Failures in the new Digital Infrastructure

System failure in the wild at Westfield Shopping Centre, acknowledgement to Martin Clinton Just a quick post to get me back in the groove, has it really been 6 months? As we increase the size and complexity of these digital infrastructures to deliver the services upon which we depend, outages like that at O2 will have bigger and bigger effects in society. Simply handling the complaints well does not do the business. Witness the challenges at RBS recently,  from this report it looks like poor control in systems development and implementation; Amazon Web Services have occasional outages owing to usual factors, but with disproportionate effects, see Netflix’ rather honest appraisal of failings of their own system design can be found via this report which reveals challenges in designing distributed systems to cope with all failure modes.

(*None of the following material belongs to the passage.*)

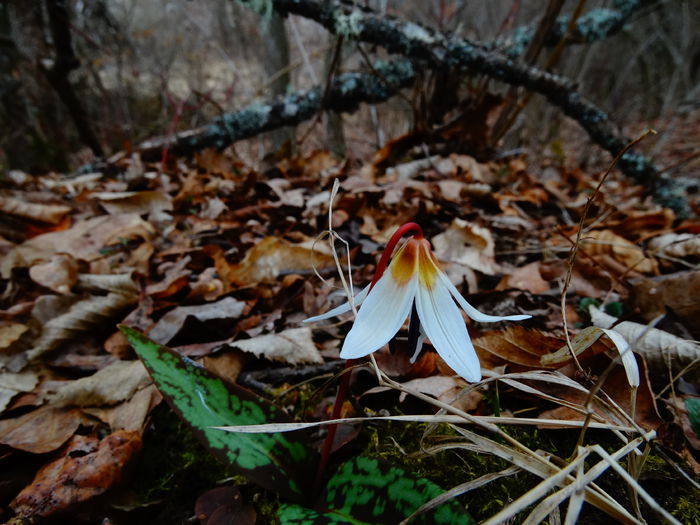 DSC09455 - Plante in natura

The point is that we need to

  • be able to put such failures in perspective. We will always suffer power outages, lightning strikes and flooding, as well as the effects of human error and equipment failure. When you compare the number of failures suffered by Amazon in a year with the aggregated number of systems that they are operating, the failure rate is probably much less than the best data centres in operation.
  • help service providers understand the proven strategies to minimise the risk and impact of such failures – they cannot be completely avoided, only mitigated. For example, Amazon have a very sophisticated set of services to allow their customers to manage failures and deploy their systems across different service centres, but are these services understood and used properly by their customers? While Netflix is pretty slick at deploying its services, including its novel Chaos Monkey service aimed at disrupting live services to demonstrate resilience,  it still has stuff to learn about failure modes and their effects, hence their need for more technical staff!

There are other dimensions to this challenge, of course, the Large Scale Complex IT Systems research project in the UK is looking at the various factors involved in our increasingly layered, distributed systems design. But there are no easy answers, just better understanding of the challenge. We still need those talented engineers that Netflix and the other Cloud leaders are looking for.